This definition may be more optimistic and aspirational than realistic as it makes several assumptions about the characteristics that a team will possess. Enderby [19] identified these characteristics to include a definable membership, group consciousness, shared vision, corporate sense of purpose, clear interdependence and interaction, and co-ordinated action.

Xyrichis and Ream’s [18] literature analysis concludes that the outcomes from team work could be experienced at three levels (healthcare professionals, patients, and healthcare organizations) and that these outcomes have an impact on staff satisfaction, quality of care, control of costs, well-being and retention. Molyneux [20] identified three indicators for positive team work: personal qualities and commitment of staff, communication within the team, and the opportunity to develop creative working methods within the team. Further literature reviews [11] have identified the importance of two themes on interprofessional team work, team structure and team processes within which specific categories emerged: team premises, team size and composition, organizational support, team meetings, clear goals and objectives, and audit processes.

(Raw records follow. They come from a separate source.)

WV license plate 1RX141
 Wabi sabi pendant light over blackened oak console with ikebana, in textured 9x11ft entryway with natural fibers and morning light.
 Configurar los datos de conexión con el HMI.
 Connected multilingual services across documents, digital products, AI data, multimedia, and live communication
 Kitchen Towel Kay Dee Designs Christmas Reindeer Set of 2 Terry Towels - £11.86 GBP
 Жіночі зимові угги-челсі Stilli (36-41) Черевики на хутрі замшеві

Collaboration is acknowledged as an important component of team processes. A concept analysis undertaken by Henneman et al. [21] identified that collaboration “requires competence, confidence and commitment on the part of all parties. Respect and trust, both for oneself and others, is key to collaboration. As such, patience, nurturance and time are required to build a relationship so that collaboration can occur” (p.108). Identified factors that contribute to successful collaboration were: joint venture, cooperative endeavor, willing participation, shared planning and decision-making, team approach, contribution of expertise, shared responsibility, non-hierarchical relationships and shared power based on knowledge and expertise [21]. However, further reviews [22] have found that the reality of shared planning and decision-making, and shared power is very different from the ideal. Given the context of interprofessional teams, members will automatically come from different professions, therefore in practice “shared decision-making” is likely to conflate individual team members making decisions within their own scope of practice with the ideal of all team members sharing in all decision-making processes, or in other words, “appropriate” decision making. Shared power and leadership may also be a challenge when complex traditional hierarchical relationships, particularly those involving medical practitioners, play a larger role and impact either implicitly or explicitly on team processes [23,24]. McCallin [23] suggests that shared leadership occurs only in smaller teams privileged with being free to choose all team members.

When considering the characteristics important for interprofessional team work within the context of organisational development, McCray [25] points out that little attention appears to have been paid to the actual processes of interprofessional practice within organisational strategy, local workforce development planning, and individual continuing professional development.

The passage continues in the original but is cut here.